Task description: Everything from the line containing "pin – Image 4" through the last line of the listing below should be returned exactly, except for pictures.

Supplied records:
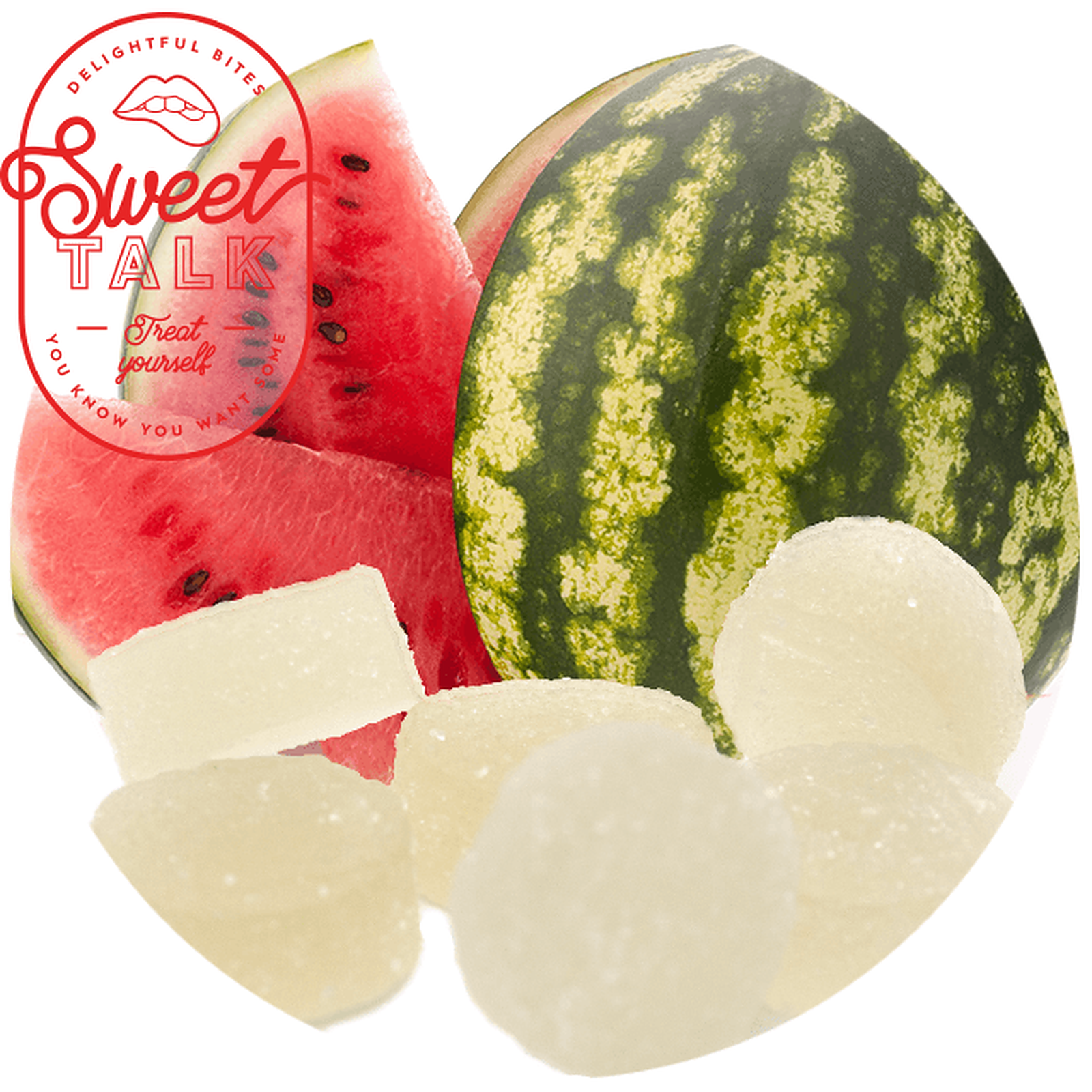 Photograph of Product: Watermelon Sweet Talk Gummies (10mg/100mg)(Sweet Talk)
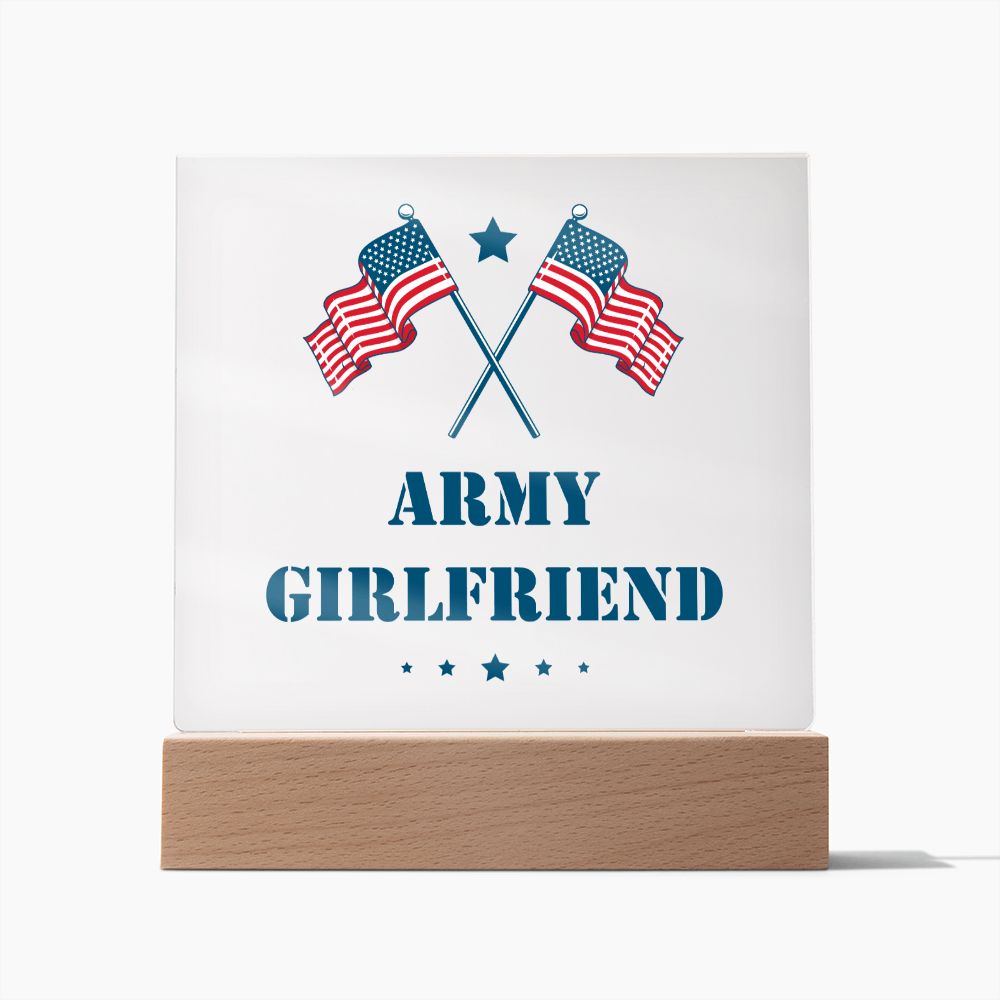Army Girlfriend - Square Acrylic Plaque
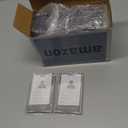 Chinco 30 Pcs Hard Plastic Badge Holder Vertical Clear ID Badge Holders Acrylic Heavy Duty Waterproof Plastic ID Card Holder Transparent Heavy Duty Protector Case for Office School Hospital Lanyard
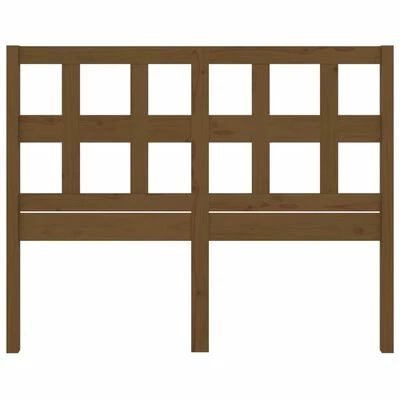 VidaXL Tête de lit Marron miel 185,5x4x100 cm Bois massif de pin 6 VidaXL Tête de lit Marron miel 185,5x4x100 cm Bois massif de pin – Image 4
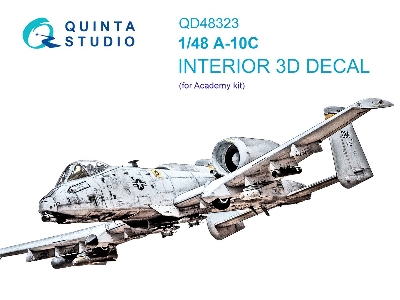 Fairchild A-10 C -3d-printed & Coloured Interior (For Academy Kits) - zdjęcie 2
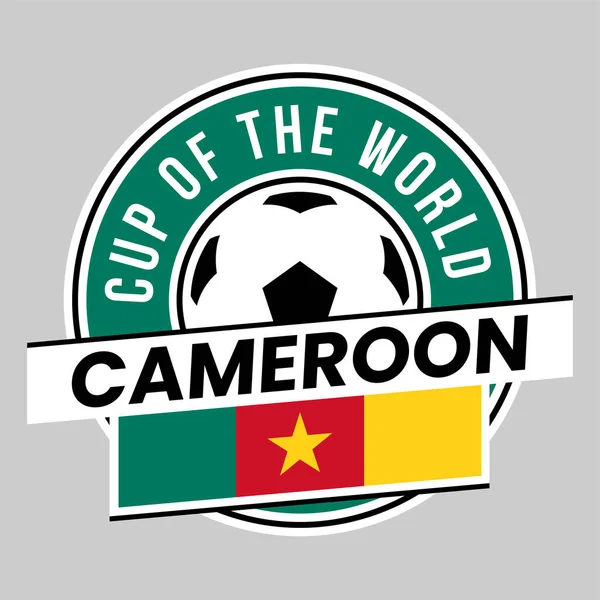 喀麦隆足球锦标赛队徽图解 — 图库照片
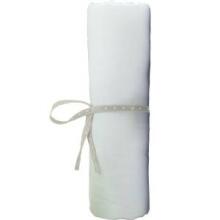 BabyCalin BBC414401 Blanc Kokvilnas palags ar gumiju 70x140cm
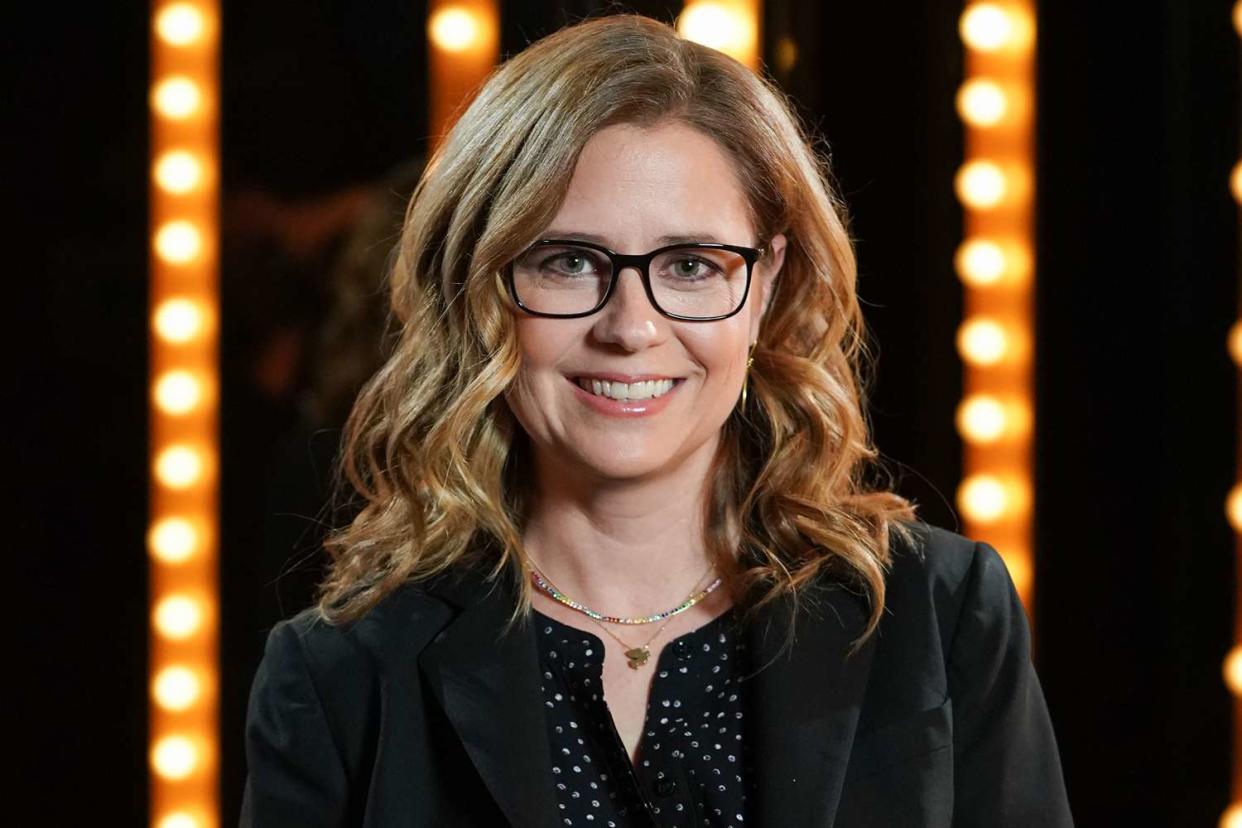<p>Eric McCandless via Getty</p> Jenna Fischer is pictured for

Task solution:
 VidaXL Tête de lit Marron miel 185,5x4x100 cm Bois massif de pin 6 VidaXL Tête de lit Marron miel 185,5x4x100 cm Bois massif de pin – Image 4
 Fairchild A-10 C -3d-printed & Coloured Interior (For Academy Kits) - zdjęcie 2
 喀麦隆足球锦标赛队徽图解 — 图库照片
 BabyCalin BBC414401 Blanc Kokvilnas palags ar gumiju 70x140cm
<p>Eric McCandless via Getty</p> Jenna Fischer is pictured for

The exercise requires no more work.